In short, the state has tons of extra cash.
The state’s revenue forecasters are also not doing such a great job. They are many points off their forecasted numbers - year after year after year. This may well be intentional as it allows the state to budget artificially low numbers.
No matter the reason for the shoddy forecasting, the reality is the state has money just sitting around.
Even with an outrageous commitment to build a new stadium for the Titans. Even with hundreds of millions of dollars in corporate tax breaks.
There’s cash. Lots of it.
The question, then, is what should Tennessee do with all this money?
How can repeated surpluses be invested in order to benefit the public?
I have some ideas!
I’m proposing three key investments in public education that would have an immediate and lasting impact on our state.
Tennessee is in the bottom in the nation when it comes to teacher compensation. As with our overall education spending, we rank about 45th in the country in teacher pay.
In fact, even among our neighbors in the Southeast, Tennessee’s teachers are paid relatively low.
One recent analysis found that of all Tennessee teachers, only about 25% earn more than $60,000 a year.
We can and should change that. Now.
Gov. Lee has proposed making the minimum teacher salary in the state $50,000 by the time he leaves office at the end of 2026.
Tennessee should raise teacher pay by 20% THIS YEAR.
That would push the minimum pay for a teacher above $50,000.
It would be a significant pay boost for ALL teachers.
It would place Tennessee first in the Southeast in teacher compensation and among the best in the nation.
Want teachers to stay in teaching? Raise their pay in a bold way.
Want to attract teachers as our state faces a teacher shortage? Raise pay.
The cost? $625 million.
Totally affordable in an environment with billions of dollars just sitting around.
Pretty much every year, there’s a proposal to make school breakfast and lunch free for all students.
The legislature routinely rejects such efforts as too expensive.

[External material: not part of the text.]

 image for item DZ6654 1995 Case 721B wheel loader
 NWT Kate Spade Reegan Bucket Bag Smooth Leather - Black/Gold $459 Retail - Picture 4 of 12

Heck, one school district even considered hiring a debt collector to go after school lunch debt.
Here’s the deal. The fiscal note on a recent bill that would have created a free program of school breakfast and lunch for all students indicates an estimated cost of $714 million.
We can afford it.
Plus, ensuring every child has access to breakfast and lunch is a great way to give them the very basic foundation they need to learn.
Want to boost reading scores and be sure kids are more likely to be alert and ready to learn? Take away food insecurity.
If you are following along with the math, we are now at close to $1.4 billion.
Which means there’s money left.
Invest in Reading
Tennessee has a new third grade retention law in effect for this year. It’s going to impact lots of kids and school districts in a negative way.
The idea behind the law is to help boost reading readiness - that is, to ensure more kids are proficient enough in reading to “read to learn” beyond third grade.
That’s an admirable goal but the policy (retention) doesn’t actually help.
Instead, Tennessee might take a cue from Michigan, which this year repealed its third grade retention law but left in place a number of key supports for early grades reading:
"Let's use that money for reading intervention specialists, for literacy coaches, after school programs, summer school programs, to tackle the issue that way, instead of being reactive and just holding them back in a punitive and punishing way," said Rep. Nate Shannon, D-Sterling Heights.
The bill passed Tuesday repeals the retention aspect of the law, but retains other elements such as staffing recommendations, reading intervention services, and the use of evidence-based curricula and instructional material.
Tennessee should invest $500 million in Pre-K through 3rd grade reading support.
That still leaves at least $100 million of the surplus leftover.
We can and should make bold investments in public education.
Our repeated budget surpluses suggest we can afford it.
Our state’s policymakers are making a clear choice year after year.
Our students and our schools deserve better.